Archive for the ‘Byte of the Week’ Category
About once every five years or so, the technology industry blesses entrepreneurs with a new path to riches. The PC, Internet, Mobile and Social paths all emerged in the last 20 years with new computing paradigms and business models that optimized value for their business, partners and customers. Today’s catalyst is in Big Data.
If you are looking at the ‘way’ to make money in tech in the next decade, jump on the Big Data bandwagon. The dynamics of traditional high growth tech segments are all there … from the proliferation of a big, recognizable problem, to management challenges and to business issues, Big Data affects the entire organization and IT infrastructure. And, it comes at a good time for tech businesses.
“With hardware, networks and software having been commoditized to the point that all are essentially free, it was inevitable that the trajectory toward maximum entropy would bring us the current age of Big Data.”
-Shomit Ghose, Big Data, The Only Business Model Tech has Left; CIO Network.
The key to making money (or optimizing value if you are a buyer) in this emerging economy is to build a foundation around a ‘return on data’ model. Your data is integrally related to the many aspects of how you create value in business. The key is how quickly data can be turned in to currency by:
- Analyzing patterns and spotting relationships/trends that enable decisions to be made faster with more precision and confidence.
- Identifying actions and bits of information that are out of compliance with company policies can avoid millions in fines.
- Proactively reducing the amount of data you pay ($18,750/gigabyte to review in eDiscovery) by identifying only the relevant pieces of information.

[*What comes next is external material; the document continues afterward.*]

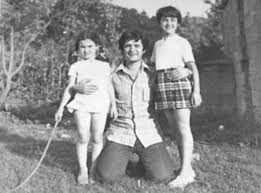 Halit Akçatepe fotoğrafları...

- Optimizing storage by deleting or offloading non-critical assets to cheaper cloud storage thus saving millions in archive solutions.
We are now living in a data-driven world where a mastery of technologies and processes that enable a rapid ROD (Return on Data) is the key to reducing cost, complexity, risk and increasing the value of your holdings.
Big Data means Big Business for vendors, service providers, enterprise buyers and consumers. Every stakeholder has a piece of maximizing value out of the Big Data pie. Those who drive their businesses and economic engines around a philosophy of creating a high return-on-data will be the winners in this next version of the ‘new economy’.
The definition of Big Data is rapidly being morphed into a subset of what it really ought to be. Over the last 3-6 months, the prevailing sentiment, if you focus only on the buzz meter, is that the Big Data discipline is really a simple matter of adopting Hadoop and using it to create some business analytics app—most likely in sales and marketing— to do sentiment analysis. This all seems a bit BI-centric to us.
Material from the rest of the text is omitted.